1. Workflow Overview

mb61hmykf8dpepfpxfw601f2b95964aab1e1e429c1dbac912ff7a0f32283ed2df908558016b539def58.png
  • Purpose: Anime-style image generation with reference image guidance and multi-LoRA fusion.

  • Key Features:

    • Image Captioning: Joy_caption_two node extracts prompts from input image.

    • Multi-LoRA Stacking: 3 LoRAs (Dark Fantasy/Beauty CG/Ancient Style) at 0.7 strength.
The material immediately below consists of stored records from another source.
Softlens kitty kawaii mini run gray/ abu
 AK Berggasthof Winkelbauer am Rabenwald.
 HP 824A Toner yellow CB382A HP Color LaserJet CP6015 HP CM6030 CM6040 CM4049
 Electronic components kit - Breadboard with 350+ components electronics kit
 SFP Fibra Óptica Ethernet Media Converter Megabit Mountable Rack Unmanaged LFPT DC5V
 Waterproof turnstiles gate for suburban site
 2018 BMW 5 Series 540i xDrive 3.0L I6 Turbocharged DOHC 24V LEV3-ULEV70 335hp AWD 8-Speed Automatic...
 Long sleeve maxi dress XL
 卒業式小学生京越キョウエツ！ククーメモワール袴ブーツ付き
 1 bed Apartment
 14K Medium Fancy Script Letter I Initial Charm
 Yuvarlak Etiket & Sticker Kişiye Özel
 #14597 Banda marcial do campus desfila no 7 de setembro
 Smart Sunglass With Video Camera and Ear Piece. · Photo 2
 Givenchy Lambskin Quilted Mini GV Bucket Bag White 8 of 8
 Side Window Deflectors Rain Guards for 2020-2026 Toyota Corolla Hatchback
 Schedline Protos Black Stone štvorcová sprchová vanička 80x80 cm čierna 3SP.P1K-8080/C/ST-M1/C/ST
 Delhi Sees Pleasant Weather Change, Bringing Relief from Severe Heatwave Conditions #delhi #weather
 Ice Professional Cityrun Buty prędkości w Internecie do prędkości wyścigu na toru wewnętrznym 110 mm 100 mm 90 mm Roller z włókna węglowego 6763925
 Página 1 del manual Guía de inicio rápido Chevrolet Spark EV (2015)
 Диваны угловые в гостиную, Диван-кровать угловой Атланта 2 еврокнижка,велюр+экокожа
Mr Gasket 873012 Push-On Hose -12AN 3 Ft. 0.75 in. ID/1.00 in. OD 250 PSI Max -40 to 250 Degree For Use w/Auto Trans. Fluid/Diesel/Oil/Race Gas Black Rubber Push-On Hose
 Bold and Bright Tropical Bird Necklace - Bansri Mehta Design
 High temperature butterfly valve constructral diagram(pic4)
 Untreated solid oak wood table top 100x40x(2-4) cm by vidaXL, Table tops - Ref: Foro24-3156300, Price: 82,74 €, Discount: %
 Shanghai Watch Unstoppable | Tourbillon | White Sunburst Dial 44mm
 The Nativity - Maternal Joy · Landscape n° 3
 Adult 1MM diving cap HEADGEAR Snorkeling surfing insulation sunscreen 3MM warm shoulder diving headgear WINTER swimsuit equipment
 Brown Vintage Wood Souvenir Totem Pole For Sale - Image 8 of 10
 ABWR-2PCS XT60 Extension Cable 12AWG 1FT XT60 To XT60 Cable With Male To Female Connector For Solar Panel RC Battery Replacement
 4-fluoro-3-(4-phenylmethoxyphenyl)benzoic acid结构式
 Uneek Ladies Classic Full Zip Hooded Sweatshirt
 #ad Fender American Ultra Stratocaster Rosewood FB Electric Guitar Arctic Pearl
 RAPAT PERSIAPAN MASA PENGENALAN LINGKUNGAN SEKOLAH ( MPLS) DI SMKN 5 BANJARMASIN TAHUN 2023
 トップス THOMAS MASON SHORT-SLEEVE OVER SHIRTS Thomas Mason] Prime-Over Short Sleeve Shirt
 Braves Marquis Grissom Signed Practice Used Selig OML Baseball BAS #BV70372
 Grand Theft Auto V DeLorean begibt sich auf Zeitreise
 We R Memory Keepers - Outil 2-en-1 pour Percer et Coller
    • Bilingual Support: Auto-translation via LibLibTranslate.


2. Core Models

Model Name

Function

Meta-Llama-3.1-8B

Image-to-text model for prompt generation (Joy_caption_two_load).

Stable Diffusion Flux

Base model (F.1-fp8 11G版_flux1-dev loaded by UNETLoader).

LoRA Ensemble

暗黑血统:狂战士_1.0 + F.1色孽CG唯美_V1 + F.1超清唯美风-古风篇_v1.0 (all at 0.7 strength).


3. Key Nodes

3.1 Image Input & Captioning

  • LoadImage: Loads reference image (e.g., 00059-4156590861.jpg).

  • Joy_caption_two:

    • Function: Generates English prompts via Meta-Llama.

    • Install: Requires comfyui_slk_joy_caption_two plugin (via ComfyUI Manager).

3.2 Prompt Processing

  • JoinStrings: Merges user keywords (e.g., miluo_cjsj, cloth) with auto-generated prompts.

  • LibLibTranslate: Optional English-to-Chinese translation.

3.3 Multi-LoRA Fusion

  • LoraLoaderModelOnly:

    • Chained Loading: 3 LoRAs applied sequentially (strength=0.7 via ReroutePrimitive).

    • Model Source: Place .safetensors files in models/loras.

3.4 Generation & Output

  • KSampler:

    • Settings: Euler sampler, 20 steps, CFG=3.5, random seed.

  • VAEDecode: Uses ae.sft VAE for latent decoding.


4. Workflow Structure

Group Name

Key Nodes

I/O Description

Global Control

LoadImage, PrimitiveNode

Input: Reference image, resolution (1200x1200), keywords.

LoRA Models

3x LoraLoaderModelOnly

Output: Fused model (strength=0.7).

Generation

KSamplerVAEDecode

Output: Final image (PreviewImage).


5. Inputs & Outputs

  • Inputs:

    • Reference image (JPEG/PNG).

    • Resolution: Set via EmptyLatentImage (default 1200x1200).

    • Keywords: e.g., miluo_cjsj, cloth (priority over auto-prompts).

  • Output:

    • Generated image (anime cyberpunk style, red-haired character).


6. Notes

  1. VRAM: Recommend 12GB+ GPU (multi-LoRA is resource-intensive).

  2. Dependencies:

    • Download Meta-Llama-3.1-8B and 3 LoRA models manually.

    • Place ae.sft VAE in models/vae.

  3. Troubleshooting:

    • If captioning fails, check model path in Joy_caption_two.

    • Adjust CFG (currently 3.5) if images are blurry.